Difficulties in recruiting qualified workers, external shocks and fear of changes in the labor law. These are some of the warnings left by IMF, which commends banking and fiscal consolidation.

The International Monetary Fund (IMF) disclosed, this Tuesday, its conclusions concerning the Article IV Mission. IMF acknowledges that the Portuguese economy has made significant progress. The institution headed by Christine Lagarde has presented favorable prospects for Portugal’s future, but has also left some warnings against several issues, which go from extreme risks to vulnerabilities such as difficulties in recruiting qualified workers to the impact that changing the labor law might have on the Portuguese economy.

👍 Growth is significant and prospects are favorable…

This is the first and most obvious compliment IMF makes to Portugal. “Job rich growth continued in the last year, supported by a pickup in investment and exports, and prospects remain largely favorable”, is read in a press release sent by IMF, this Tuesday.

This acknowledgement was given by IMF after the Portuguese GDP 2.7% growth last year, an amount that surpassed all expectations. As for this year, the Government anticipates that the Portuguese economy will grow 2.3%, a forecast made by IMF itself.

👎… But there are temporary factors explaining this growth

On the same chapter commending the progress of the Portuguese economy, IMF warns against some factors that are contributing to that growth. If it is certain that the evolution of “investment and exports of goods and services — notably tourism” — justify last year’s GDP acceleration, the mission technicians highlight that “flash statistics for the first quarter of 2018 showed somewhat subdued growth largely on account of temporary factors affecting exports, and possibly also of moderation of demand in some export markets”.

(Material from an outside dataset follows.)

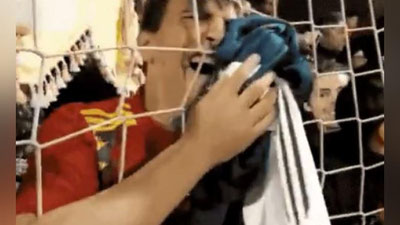 Изрображение 'СЕРХИО РАМОС ДОВЕЛ ФАНАТА ДО ИСТЕРИКИ, ПОДАРИВ ЕМУ СВИТЕР (ВИДЕО)'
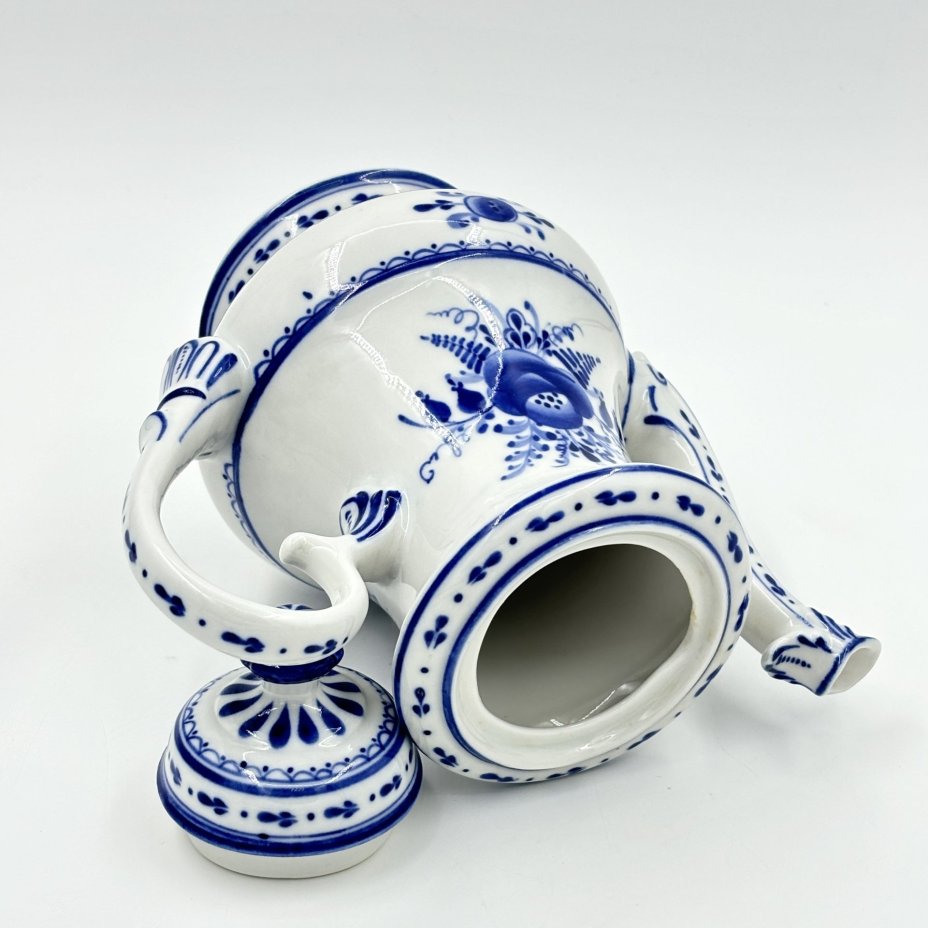 Кофейник с цветочным декором, Гжель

👎… And there are even difficulties in hiring qualified workers

There’s more: if it is undeniable that the workforce is recovering, with an unemployment rate standing at 7.4% in March — an amount that stands below the Euro Area average –, and a reduction in the number of “labor under-utilization”, a new problem arises. “In some sectors of the economy, firms are beginning to find it difficult to fill vacancies, especially for high-skill jobs”. Simultaneously, and although the average salary has increased, the proportion of workers receiving minimum wage has also rised, which, IMF believes, “reflects in part the growth in low-skill positions”.

👍 Even so, the consolidation was “significant”

In spite of the setbacks that Portugal’s economic growth may face, the fiscal consolidation achieved last year was “significant”, thanks to a “disciplined budget execution”. This “strong” fiscal performance lead to indirect positive effects to the economy, such as the reduction of the sovereign debt risk. In that context, the goal set by the Government for the deficit for this year, of 0.7%, “seems attainable”, IMF acknowledges, yet only if the focus remains placed on expense and if the positive cycle the economy is going through is elongated.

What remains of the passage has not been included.